▸ **TO DO**
Provide again, from the entries below, every line from the one containing "Table full of" through the one containing "Shiny treble clef", exactly as written, and no other line.

········

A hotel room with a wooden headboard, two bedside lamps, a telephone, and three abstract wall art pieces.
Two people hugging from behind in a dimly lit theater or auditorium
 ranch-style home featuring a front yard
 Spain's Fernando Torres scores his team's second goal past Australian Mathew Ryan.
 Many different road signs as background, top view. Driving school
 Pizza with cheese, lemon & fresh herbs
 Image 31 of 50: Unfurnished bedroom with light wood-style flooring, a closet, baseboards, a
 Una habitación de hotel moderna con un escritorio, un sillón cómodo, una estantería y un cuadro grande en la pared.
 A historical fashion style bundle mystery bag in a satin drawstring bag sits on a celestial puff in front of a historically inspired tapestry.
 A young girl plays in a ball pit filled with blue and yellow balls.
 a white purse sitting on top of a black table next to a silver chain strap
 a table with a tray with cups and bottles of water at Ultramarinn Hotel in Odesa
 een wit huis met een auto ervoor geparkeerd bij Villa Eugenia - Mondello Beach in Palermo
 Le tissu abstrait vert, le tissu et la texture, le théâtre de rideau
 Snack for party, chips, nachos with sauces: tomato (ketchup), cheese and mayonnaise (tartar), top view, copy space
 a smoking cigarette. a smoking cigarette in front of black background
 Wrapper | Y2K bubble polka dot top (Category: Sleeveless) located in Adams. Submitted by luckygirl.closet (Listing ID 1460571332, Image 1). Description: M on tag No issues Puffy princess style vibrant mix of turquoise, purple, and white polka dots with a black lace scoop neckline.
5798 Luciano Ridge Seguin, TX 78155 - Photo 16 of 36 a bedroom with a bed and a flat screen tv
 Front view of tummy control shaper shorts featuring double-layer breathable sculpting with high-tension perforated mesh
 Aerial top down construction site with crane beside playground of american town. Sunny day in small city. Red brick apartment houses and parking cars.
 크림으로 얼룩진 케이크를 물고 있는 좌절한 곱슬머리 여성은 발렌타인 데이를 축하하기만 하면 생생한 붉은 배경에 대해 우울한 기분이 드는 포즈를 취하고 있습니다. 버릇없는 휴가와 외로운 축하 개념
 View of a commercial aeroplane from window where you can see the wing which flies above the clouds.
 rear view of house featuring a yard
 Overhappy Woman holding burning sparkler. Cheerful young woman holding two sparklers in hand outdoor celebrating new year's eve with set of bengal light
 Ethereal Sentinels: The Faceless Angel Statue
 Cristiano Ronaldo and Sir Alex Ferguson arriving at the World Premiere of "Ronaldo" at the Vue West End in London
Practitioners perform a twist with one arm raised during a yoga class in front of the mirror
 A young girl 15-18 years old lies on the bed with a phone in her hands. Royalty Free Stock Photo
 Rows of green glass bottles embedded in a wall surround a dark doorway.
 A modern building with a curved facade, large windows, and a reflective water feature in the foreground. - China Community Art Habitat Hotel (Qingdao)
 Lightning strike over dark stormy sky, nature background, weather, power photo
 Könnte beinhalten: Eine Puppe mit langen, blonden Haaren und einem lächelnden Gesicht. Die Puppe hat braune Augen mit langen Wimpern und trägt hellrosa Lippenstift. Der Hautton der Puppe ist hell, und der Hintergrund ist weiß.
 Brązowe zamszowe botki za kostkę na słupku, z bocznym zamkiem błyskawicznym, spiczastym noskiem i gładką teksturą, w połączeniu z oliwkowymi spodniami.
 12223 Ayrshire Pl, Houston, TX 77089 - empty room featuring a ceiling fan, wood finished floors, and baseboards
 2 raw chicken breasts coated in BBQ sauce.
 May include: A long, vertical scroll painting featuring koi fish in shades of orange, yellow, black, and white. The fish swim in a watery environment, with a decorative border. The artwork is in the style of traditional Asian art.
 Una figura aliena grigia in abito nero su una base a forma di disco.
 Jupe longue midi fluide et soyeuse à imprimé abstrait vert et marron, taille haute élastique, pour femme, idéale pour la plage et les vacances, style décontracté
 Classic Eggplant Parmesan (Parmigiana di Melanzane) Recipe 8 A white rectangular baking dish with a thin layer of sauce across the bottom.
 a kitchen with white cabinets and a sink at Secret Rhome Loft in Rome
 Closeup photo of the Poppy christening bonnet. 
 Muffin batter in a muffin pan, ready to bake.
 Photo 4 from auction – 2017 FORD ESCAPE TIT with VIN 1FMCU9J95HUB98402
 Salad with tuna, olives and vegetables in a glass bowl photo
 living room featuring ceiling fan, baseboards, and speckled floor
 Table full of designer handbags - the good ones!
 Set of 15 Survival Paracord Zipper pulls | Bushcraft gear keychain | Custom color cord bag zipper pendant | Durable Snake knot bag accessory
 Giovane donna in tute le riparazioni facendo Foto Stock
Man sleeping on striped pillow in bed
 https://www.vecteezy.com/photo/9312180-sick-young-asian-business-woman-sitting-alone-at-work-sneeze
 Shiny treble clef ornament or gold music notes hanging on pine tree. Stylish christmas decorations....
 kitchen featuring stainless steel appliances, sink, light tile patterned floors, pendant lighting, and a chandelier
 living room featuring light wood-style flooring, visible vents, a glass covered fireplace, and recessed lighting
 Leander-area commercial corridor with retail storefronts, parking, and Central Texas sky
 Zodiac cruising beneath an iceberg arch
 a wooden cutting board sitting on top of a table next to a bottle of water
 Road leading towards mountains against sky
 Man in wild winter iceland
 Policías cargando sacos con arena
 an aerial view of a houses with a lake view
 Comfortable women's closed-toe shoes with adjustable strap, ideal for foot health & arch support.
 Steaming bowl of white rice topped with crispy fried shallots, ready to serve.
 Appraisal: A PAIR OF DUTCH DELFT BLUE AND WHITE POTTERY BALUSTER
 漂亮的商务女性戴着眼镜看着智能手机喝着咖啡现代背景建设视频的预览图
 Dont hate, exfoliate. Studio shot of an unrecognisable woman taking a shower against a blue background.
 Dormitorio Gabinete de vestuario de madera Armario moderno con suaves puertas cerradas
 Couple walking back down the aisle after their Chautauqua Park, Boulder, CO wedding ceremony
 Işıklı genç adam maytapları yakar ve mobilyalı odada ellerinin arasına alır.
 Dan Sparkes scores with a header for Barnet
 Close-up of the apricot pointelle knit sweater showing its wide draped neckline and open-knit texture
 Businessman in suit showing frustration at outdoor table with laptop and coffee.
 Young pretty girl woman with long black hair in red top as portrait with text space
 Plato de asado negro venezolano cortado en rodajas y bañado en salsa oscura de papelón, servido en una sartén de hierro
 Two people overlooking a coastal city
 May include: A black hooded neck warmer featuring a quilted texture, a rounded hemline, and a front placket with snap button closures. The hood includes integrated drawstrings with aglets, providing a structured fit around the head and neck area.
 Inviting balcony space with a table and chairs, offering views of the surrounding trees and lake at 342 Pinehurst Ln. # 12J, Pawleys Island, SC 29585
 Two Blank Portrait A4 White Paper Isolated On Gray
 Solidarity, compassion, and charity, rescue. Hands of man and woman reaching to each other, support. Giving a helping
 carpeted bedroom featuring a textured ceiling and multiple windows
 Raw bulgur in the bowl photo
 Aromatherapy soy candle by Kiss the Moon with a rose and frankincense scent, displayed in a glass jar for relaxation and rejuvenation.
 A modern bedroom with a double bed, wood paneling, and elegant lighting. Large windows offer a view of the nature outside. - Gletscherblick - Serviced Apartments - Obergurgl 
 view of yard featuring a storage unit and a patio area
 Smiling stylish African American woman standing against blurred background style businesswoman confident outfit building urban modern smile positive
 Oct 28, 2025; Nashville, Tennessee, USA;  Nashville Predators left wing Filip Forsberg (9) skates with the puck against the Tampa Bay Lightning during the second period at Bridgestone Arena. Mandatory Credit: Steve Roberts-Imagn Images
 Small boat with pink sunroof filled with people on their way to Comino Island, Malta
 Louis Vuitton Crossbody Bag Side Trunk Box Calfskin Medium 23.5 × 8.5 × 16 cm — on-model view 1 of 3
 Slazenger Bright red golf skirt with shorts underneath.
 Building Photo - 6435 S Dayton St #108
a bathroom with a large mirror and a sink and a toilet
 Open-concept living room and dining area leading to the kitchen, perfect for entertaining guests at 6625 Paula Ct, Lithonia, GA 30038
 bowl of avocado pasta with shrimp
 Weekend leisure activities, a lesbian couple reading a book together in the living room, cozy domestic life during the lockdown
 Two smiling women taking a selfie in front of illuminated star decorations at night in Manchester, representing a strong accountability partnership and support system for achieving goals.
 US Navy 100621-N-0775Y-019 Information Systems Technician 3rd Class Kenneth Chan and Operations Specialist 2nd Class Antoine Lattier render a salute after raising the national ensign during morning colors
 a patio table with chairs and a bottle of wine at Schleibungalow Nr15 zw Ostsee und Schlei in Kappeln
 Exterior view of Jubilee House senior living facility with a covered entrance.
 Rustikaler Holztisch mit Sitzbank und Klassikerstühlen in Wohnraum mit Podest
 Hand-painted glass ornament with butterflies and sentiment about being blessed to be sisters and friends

········

▸ **RESULT OF THE EXERCISE**
 Table full of designer handbags - the good ones!
 Set of 15 Survival Paracord Zipper pulls | Bushcraft gear keychain | Custom color cord bag zipper pendant | Durable Snake knot bag accessory
 Giovane donna in tute le riparazioni facendo Foto Stock
Man sleeping on striped pillow in bed
 https://www.vecteezy.com/photo/9312180-sick-young-asian-business-woman-sitting-alone-at-work-sneeze
 Shiny treble clef ornament or gold music notes hanging on pine tree. Stylish christmas decorations....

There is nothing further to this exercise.